Llega un nuevo Atlético-Barcelona y a la cabeza de todos los aficionados acude el mismo pensamiento: goles. Incluso en una situación tan convulsa como la actual, con tantos aspectos extradeportivos distrayendo la atención, los números acaban por hacerse oír: el duelo más goleador de la década de los 90 (con 81 tantos en 20 partidos) que, tras dos años de obligado parón por el descenso rojiblanco, se reanudó el pasado 1 de septiembre con, no podía ser de otra manera, cuatro tantos más (2-2).
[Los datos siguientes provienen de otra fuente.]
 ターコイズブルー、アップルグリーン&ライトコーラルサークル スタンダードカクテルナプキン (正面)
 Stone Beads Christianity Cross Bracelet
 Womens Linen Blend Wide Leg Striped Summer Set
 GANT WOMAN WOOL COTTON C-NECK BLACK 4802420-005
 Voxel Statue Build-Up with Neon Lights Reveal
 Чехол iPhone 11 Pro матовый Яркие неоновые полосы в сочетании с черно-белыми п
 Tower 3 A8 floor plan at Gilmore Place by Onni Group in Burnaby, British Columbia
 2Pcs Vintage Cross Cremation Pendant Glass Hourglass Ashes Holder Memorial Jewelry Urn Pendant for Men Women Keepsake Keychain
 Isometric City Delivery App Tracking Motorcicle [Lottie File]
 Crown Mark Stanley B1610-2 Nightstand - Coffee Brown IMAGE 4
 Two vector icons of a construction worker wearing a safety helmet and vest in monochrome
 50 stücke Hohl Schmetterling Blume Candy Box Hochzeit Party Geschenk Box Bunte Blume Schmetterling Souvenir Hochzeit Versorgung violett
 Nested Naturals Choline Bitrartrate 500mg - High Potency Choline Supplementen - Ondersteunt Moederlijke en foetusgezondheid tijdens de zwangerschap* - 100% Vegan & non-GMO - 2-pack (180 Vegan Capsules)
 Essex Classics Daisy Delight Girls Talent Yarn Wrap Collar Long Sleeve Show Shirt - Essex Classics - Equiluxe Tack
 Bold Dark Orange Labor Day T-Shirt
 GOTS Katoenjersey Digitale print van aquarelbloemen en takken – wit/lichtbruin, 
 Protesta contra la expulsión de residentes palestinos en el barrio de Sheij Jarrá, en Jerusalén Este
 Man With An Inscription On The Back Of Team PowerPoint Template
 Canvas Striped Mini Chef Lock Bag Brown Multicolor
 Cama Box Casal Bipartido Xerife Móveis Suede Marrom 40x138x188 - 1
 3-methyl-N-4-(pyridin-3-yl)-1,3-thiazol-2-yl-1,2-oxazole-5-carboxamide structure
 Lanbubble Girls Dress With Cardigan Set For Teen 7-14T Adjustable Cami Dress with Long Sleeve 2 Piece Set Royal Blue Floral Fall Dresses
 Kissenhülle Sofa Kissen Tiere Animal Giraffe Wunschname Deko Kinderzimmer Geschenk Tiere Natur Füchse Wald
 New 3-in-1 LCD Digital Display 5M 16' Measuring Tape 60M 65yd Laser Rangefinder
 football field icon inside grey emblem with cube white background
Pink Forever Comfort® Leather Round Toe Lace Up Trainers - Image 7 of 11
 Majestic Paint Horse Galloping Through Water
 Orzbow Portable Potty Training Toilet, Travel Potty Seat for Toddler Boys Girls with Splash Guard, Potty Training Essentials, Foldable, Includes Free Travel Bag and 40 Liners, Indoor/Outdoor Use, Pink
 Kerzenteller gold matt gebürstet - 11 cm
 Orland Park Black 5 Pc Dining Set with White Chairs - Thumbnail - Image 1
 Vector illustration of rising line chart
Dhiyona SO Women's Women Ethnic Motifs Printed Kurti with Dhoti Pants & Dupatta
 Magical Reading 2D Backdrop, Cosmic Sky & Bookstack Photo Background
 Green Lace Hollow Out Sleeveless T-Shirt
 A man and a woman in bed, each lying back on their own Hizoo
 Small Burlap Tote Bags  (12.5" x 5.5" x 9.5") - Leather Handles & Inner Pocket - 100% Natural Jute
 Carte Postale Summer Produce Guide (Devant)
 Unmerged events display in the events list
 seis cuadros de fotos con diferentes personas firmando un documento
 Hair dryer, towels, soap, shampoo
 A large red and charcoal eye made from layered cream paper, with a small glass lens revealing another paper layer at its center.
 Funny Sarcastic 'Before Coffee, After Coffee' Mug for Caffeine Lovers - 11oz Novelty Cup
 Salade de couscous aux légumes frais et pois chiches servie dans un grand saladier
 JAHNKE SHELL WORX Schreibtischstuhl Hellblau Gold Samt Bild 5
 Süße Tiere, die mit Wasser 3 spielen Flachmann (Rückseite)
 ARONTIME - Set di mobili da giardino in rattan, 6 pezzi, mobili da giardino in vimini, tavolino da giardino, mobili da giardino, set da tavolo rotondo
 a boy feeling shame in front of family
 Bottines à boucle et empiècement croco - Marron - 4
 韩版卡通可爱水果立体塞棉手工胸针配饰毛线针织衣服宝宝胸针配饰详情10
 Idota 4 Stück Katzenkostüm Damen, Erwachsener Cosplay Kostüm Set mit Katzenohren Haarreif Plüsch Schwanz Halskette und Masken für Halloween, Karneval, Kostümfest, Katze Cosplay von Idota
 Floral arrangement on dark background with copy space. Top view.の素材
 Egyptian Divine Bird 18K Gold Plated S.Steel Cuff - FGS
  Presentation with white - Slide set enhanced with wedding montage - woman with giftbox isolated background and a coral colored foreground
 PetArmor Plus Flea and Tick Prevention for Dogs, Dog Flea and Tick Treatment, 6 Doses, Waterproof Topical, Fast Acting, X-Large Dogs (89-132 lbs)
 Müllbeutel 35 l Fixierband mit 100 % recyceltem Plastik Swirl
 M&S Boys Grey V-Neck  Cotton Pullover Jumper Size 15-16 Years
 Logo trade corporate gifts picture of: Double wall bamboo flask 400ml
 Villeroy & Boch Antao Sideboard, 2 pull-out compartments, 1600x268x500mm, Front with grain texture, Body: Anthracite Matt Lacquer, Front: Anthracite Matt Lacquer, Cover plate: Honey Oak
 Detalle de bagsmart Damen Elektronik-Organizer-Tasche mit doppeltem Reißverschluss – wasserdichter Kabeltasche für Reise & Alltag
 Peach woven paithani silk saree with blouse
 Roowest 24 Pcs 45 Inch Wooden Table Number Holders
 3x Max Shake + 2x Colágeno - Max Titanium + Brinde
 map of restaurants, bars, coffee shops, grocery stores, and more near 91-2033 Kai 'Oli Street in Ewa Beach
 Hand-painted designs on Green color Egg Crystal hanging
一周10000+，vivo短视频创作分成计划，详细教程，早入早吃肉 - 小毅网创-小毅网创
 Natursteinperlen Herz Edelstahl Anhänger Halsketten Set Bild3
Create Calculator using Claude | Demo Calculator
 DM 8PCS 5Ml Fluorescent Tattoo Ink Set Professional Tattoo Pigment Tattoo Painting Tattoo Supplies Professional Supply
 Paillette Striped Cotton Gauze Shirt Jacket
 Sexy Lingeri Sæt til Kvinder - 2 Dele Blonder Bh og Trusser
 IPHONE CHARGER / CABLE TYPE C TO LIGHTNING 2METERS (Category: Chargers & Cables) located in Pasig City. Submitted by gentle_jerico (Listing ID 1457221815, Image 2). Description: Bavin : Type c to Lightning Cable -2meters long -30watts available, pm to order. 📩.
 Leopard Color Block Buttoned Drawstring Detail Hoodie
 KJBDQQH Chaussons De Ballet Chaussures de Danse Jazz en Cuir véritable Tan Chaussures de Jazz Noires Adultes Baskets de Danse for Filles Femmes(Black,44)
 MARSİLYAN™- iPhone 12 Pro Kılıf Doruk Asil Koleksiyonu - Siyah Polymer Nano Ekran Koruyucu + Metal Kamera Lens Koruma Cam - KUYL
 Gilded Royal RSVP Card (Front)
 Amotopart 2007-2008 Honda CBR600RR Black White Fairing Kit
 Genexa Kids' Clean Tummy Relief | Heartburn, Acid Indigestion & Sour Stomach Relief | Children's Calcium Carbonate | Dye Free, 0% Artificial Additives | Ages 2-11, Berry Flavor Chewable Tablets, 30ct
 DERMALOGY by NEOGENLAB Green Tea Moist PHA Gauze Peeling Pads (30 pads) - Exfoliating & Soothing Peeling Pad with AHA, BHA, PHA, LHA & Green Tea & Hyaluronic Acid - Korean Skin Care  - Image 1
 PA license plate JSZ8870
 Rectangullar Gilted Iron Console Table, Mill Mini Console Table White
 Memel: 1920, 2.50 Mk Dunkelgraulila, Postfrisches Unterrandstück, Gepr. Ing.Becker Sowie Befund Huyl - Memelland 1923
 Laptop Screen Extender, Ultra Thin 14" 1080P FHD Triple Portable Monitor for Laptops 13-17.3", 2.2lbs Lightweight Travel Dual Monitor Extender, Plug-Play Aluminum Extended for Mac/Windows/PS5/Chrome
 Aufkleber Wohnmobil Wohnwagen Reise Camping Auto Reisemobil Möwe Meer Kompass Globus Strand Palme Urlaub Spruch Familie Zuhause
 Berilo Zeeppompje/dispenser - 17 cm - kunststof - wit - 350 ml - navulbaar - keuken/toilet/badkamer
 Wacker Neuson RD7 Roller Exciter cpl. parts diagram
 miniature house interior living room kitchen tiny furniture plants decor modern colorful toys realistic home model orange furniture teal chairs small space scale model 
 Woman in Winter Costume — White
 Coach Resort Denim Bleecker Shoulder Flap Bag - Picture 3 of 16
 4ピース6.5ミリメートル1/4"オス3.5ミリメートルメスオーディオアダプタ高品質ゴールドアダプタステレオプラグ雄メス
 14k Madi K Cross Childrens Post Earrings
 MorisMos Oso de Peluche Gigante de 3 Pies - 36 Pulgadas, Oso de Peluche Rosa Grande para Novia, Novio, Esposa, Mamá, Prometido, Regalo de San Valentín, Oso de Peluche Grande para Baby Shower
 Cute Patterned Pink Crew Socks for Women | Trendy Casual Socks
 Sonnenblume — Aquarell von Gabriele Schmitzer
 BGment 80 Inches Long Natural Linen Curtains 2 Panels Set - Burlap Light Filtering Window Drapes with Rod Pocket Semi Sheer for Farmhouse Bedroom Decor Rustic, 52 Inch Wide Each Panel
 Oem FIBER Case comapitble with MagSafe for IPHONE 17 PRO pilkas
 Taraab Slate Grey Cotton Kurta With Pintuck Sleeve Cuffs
Aunque ya en los años 40 se produjeron las primeras grandes goleadas a favor de catalanes (5-0 en el 43) y madrileños (4-5 en el 44), la leyenda de estos partidos se forjó durante la década pasada. En los tiempos del fútbol más italianizado, los aficionados encontraron un oasis contra el aburrimiento en estos duelos. Partidos plagados de héroes. Como el Romario de la 93-94 que martirizó al Atlético con sendos hat trick en el Camp Nou (5-2) y en el Calderón, donde, con un Caminero excepcional, el Atlético tornó un 0-3 en 4-3. Un Cami que protagonizó otro momento para el recuerdo con aquel requiebro a Nadal que significó la Liga 95-96. Liga que se convirtió en doblete gracias a un cabezazo de Pantic que superó a Busquets y sentenció al Barça. Pero el mismo Milinko vivió la decepción copera al año siguiente, cuando sus cuatro goles en el Camp Nou (5-4) de nada sirvieron ante un equipo en el que Ronaldo (3 goles) heredó un protagonismo que confirmó en la Liga con tres tantos más (5-2). Y así mil historias. ¿Otro dato? Nunca un Atlético-Barça terminó 0-0. Esta noche, el espectáculo está garantizado.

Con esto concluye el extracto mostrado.